# Bullwinkles anyone?



## AmyLuv (Jul 4, 2006)

Has anybody ever tried those chew sticks called "*Bullwinkles*"? This sounds gross, but they're actually freeze dried bull penises. My little girl just loves them incredibly, but I've noticed that her tear stains have gotten worse since she's been eating them. I hate to take them away from her and try to find something else to sooth her chewing needs (she's 15 months old). Plus, how safe are these to eat on a regular basis? I would appreciate any feedback, thanks!


----------



## PreciousPrince (Feb 27, 2006)

Well I don't know about their safety, but I do know my Perri will never be getting one of those!







Just the thought gives me the shivers LOL! You say that they're making her tearing worse, and I've heard that they make their breath smell awful. There are plenty of other chews out there you could try if you don't want to use those anymore.


----------



## thinkpink (Sep 25, 2004)

Bella gets them on special occasions which isn't too often. I couldn't stand them all the time cause they stink the room up. I know it's gross but she just loves them so much. They keep her entertained for hours at a time. We had a tearstain problem a while back and now that you mentioned it I wonder if maybe they contributed to the problem. I'll watch and see next time I give her one.


----------



## doctorcathy (May 17, 2004)

my dogs LOVE them. and we've never had a problem with them. just like any other treat or toy---you should watch them. i try getting the 3 foot ones so that they can be left alone with them. when they get to be under 6 inches (mostly because of gruffi) we make sure that we are watching while they eat them.


----------



## Brinkley & Neyland's Mom (Jun 14, 2004)

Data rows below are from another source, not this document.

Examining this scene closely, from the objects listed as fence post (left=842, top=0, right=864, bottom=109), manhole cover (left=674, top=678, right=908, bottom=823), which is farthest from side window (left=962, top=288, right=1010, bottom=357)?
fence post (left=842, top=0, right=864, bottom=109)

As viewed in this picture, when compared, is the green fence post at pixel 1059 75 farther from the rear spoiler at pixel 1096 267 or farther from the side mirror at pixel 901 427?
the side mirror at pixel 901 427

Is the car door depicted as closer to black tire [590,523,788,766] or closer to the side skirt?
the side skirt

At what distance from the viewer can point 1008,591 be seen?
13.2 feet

> Has anybody ever tried those chew sticks called "*Bullwinkles*"? This sounds gross, but they're actually freeze dried bull penises. My little girl just loves them incredibly, but I've noticed that her tear stains have gotten worse since she's been eating them. I hate to take them away from her and try to find something else to sooth her chewing needs (she's 15 months old). Plus, how safe are these to eat on a regular basis? I would appreciate any feedback, thanks![/B]










Not around here!











> i try getting the *3 foot ones* so that they can be left alone with them.[/B]

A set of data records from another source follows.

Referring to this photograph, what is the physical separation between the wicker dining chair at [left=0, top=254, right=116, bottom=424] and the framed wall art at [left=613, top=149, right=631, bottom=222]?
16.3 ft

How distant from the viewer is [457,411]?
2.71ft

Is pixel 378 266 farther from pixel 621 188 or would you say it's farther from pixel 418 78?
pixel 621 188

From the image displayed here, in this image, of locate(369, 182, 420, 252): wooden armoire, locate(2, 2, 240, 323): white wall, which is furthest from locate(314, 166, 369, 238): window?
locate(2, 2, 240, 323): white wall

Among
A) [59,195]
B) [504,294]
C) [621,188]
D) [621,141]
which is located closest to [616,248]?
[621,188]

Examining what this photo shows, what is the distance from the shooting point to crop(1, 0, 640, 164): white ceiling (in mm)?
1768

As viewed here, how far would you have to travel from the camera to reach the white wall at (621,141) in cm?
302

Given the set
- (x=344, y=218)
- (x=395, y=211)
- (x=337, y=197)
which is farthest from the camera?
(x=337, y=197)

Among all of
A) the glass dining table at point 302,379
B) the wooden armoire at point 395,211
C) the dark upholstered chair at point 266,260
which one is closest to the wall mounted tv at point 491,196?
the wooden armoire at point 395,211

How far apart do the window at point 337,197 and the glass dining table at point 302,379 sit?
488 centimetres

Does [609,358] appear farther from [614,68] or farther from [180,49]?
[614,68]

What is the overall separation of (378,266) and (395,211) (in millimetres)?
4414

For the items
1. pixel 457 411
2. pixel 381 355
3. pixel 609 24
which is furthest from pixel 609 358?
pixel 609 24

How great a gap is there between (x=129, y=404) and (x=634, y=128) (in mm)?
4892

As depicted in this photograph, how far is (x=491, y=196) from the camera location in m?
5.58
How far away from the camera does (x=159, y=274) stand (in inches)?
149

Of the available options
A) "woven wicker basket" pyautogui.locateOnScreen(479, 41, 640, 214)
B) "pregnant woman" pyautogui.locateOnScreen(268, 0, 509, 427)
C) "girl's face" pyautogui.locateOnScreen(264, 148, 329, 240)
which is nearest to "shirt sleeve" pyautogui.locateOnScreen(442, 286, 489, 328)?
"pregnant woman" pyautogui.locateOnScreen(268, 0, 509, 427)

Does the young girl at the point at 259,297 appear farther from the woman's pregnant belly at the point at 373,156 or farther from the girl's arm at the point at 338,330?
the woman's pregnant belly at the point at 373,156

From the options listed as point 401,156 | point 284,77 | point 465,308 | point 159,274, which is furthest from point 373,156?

So the actual "organ" was THREE FEET LONG?


----------



## evie's mom (Jun 19, 2006)

i feed my dog a variety of treats but i have never given evie a bullystick. just the thought of her chewing on cow penis makes me grossed out, especially because she loves to give me kisses.


----------



## wagirl98665 (Jan 5, 2006)

I think that's one treat my dogs can live without...ewwww!


----------



## doctorcathy (May 17, 2004)

you guys are totally missing out. it really helps with their teeth. do you guys ever touch your dogs dog food? i am soo sure there's penis in some of those low-grade dog food. and have you ever tried adding water to your dog food? i did it with nutro---and cow fur actually floated to the top.


----------